A variable parabola of latus rectum $l $, touches a fixed equal parabola , the axes of the two curves being parallel . Then locus of the vertex of the moving curve is a parabola , then what is the latus rectum of this curve .
I took the fixed curve as $y^2 =4bx$
And the variable curve is $(y-k)^2 = 4a(x-h)$
Where $(h,k)$ is the vertex . But now how to proceed ?
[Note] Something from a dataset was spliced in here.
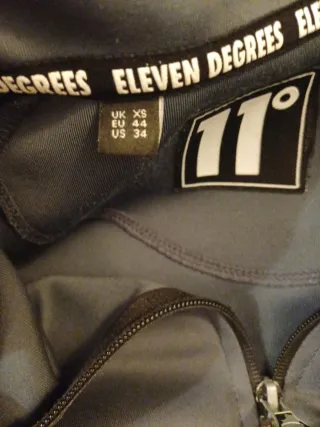 Sudadera 11 Degrees azul y negra cremallera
I like projective geometry, so I'll be explaining using terms from there. Your first parabola can be written as
$$(x,y,1)\cdot\begin{pmatrix}0&0&2b\\0&-1&0\\2b&0&0\end{pmatrix} \cdot\begin{pmatrix}x\\y\\1\end{pmatrix}=0$$
Its axis is the $x$ axis, evidenced by the fact that $(1,0,0)$ is the only point at infinity (i.e. last coordinate zero) which lies on that conic as well. Now I'd like to describe the tangent for a given direction. A direction can be described by a point at infinity. I'll use the point $(t,1,0)$ with parameter $t$. For $t\in\mathbb R$ this can describe any direction except horizontal, which is just fine since that parabola can't have a horizontal tangent in any case.
So we need the tangent through a given point. One way to compute that is by computing the polar line of that point. It will intersect the conic in the two contact points. Usually that leads to two tangents, but in our case, with the point chosen at infinity, one of the tangents will be the line at infinity, so we can pick the remaining (finite) contact point.
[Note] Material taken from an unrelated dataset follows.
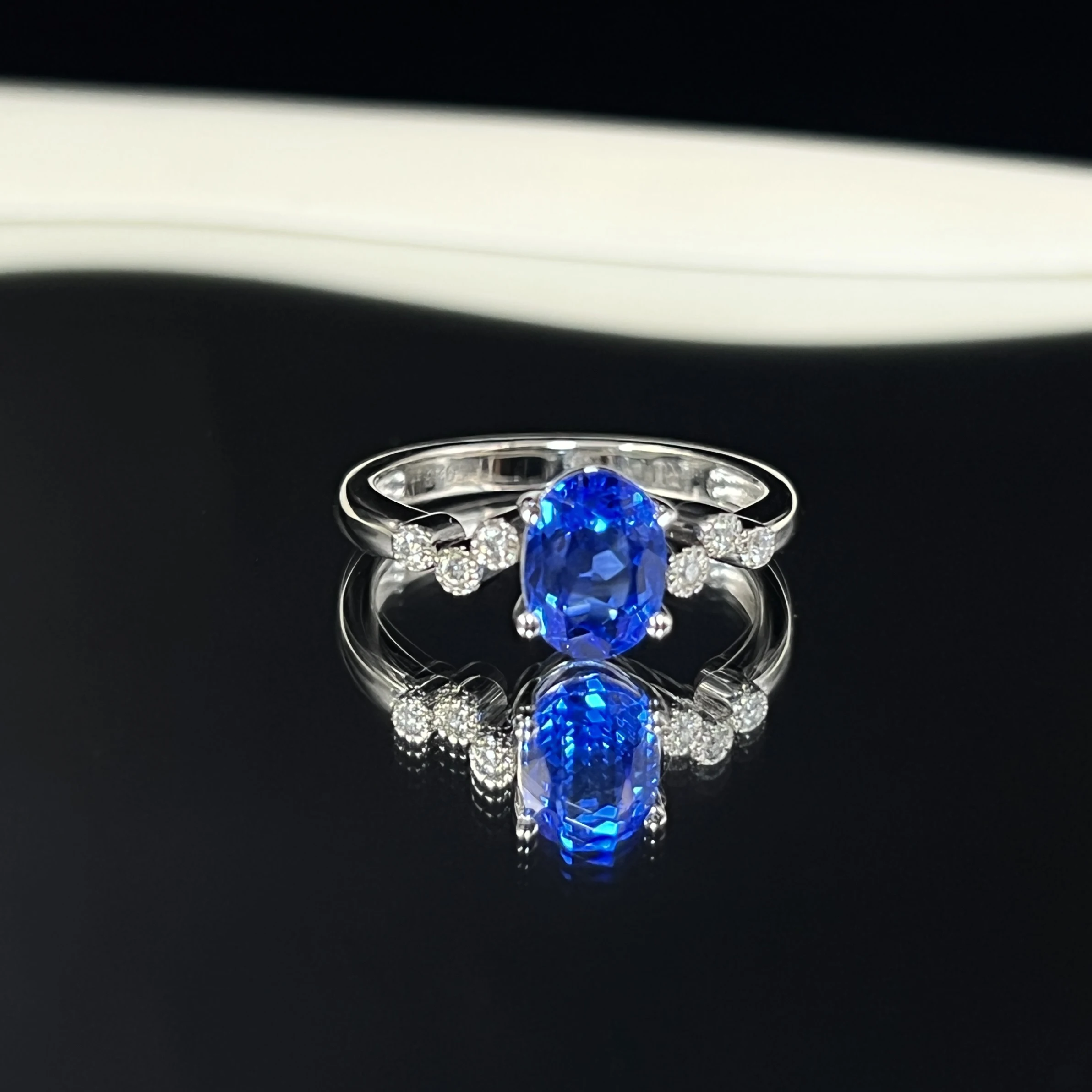 

Кольцо с выращенным сапфиром 1,5 карата, синее, в стиле «Маленькая фея», из стерлингового серебра S925 с акцентами из муассанита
To compute a polar line, multiply the point with the matrix:
$$\begin{pmatrix}0&0&2b\\0&-1&0\\2b&0&0\end{pmatrix} \cdot\begin{pmatrix}t\\1\\0\end{pmatrix}= \begin{pmatrix}0\\-1\\2bt\end{pmatrix}$$
This is the line $y=2bt$. It intersects the conic at $x=\frac{y^2}{4b}=bt^2$. So $(bt^2,2bt)$ is the point with the given tangent direction. Now do the same for the second curve with $a$ instead of $b$. Setting the point of contact equal, you get
\begin{align*} bt^2 &= at^2+h \\ 2bt &= 2at+k \end{align*}
You can eliminate the variable $t$ from this, e.g. using the resultant computed using the Sylvester matrix
$$0=\begin{vmatrix} a-b & 0 & h \\ 2(a-b) & k & 0 \\ 0 & 2(a-b) & k \end{vmatrix}=(a-b)(k^2 + 4ah - 4bh)$$
So the equation of the locus of the vertex is
$$k^2 = 4(b-a)h$$